Uyuyordum, telefon çaldı. Kim arıyor
diye bakmadan açtım. Şafak dedi karşıdaki ses, vefat etmiş dedi. İnanamadım,
dondum kaldım. Sordum duyduğumdan emin olduğum ama kabullenemediğim soruyu.
Başımız sağ olsun dedi. Rüyadır dedim kendi kendime, kabustur bu olsa olsa. Gözlerimi
kapadım sıkıca, tekrar açtım. Ben uyanmıştım ama sen uyanamadın.
Daha cuma günü iş yerinde
karşılıklı oturuyorduk. Bölgelerimizden gelen hataları düzeltiyorduk. Keşke bu
kadar kolay olsa yanlışı düzeltmek. Bir telefonla, bir tıkla, bir çizgiyle
geriye dönmek. O zaman sen de olurdun şimdi yanımızda, kaybetmezdik seni.

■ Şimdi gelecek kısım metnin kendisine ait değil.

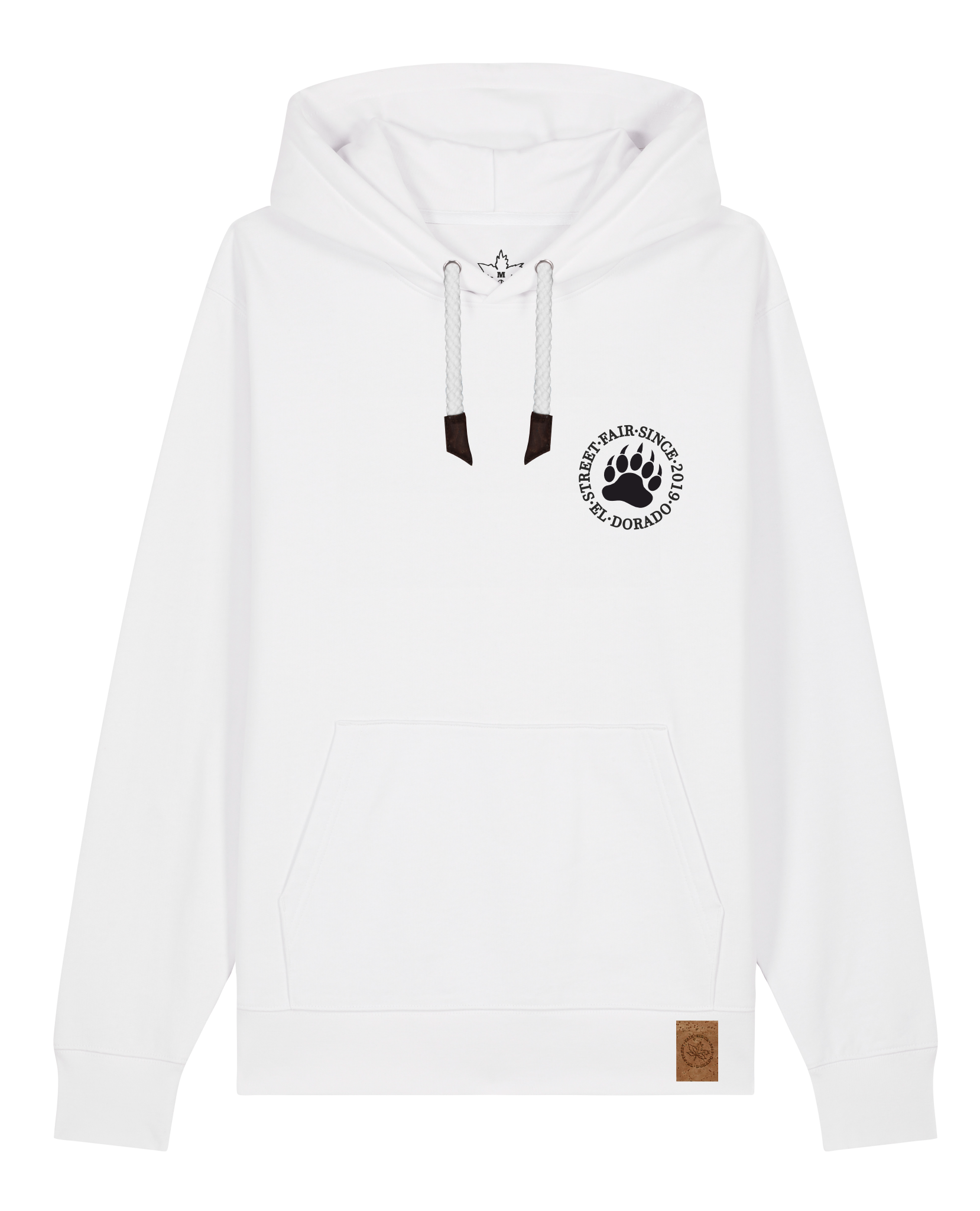 bio-unisex-medium fit-hoodie-arkadien's friend (backprint)-stsu177-weiß-weiße kordel-front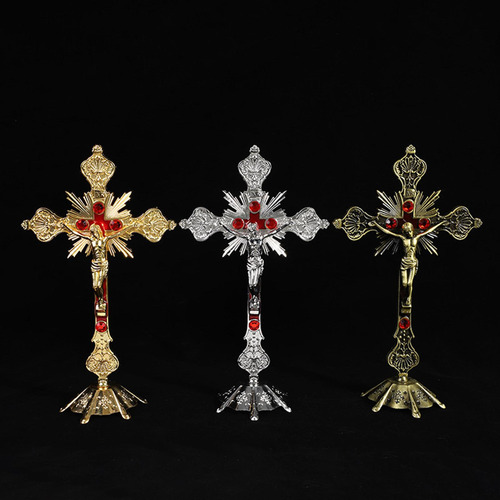 Reliquias De La Iglesia Jesús En El Soporte Cruz De Plata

Babaannenin vefatından dolayı
durgundun bir haftadır. Klasik laflar ettim sana; ecel dedim, mekanı cennet
olsun dedim, hepimizin başına gelecek olan bu dedim. Hissettin de mi söyledin “Ölüm
bu bugün şurada yarın burada” derken. Şimdi klasik cümleleri senin için
kuruyoruz. Kişiler değişti, acılar büyüdü. Acılar büyüdükçe kifayetsizleşiyor
kelimeler. Sussak olmuyor, konuşsak eksik kalıyor bir şeyler. Betimleyemiyor, anlatamıyor içimizdekileri.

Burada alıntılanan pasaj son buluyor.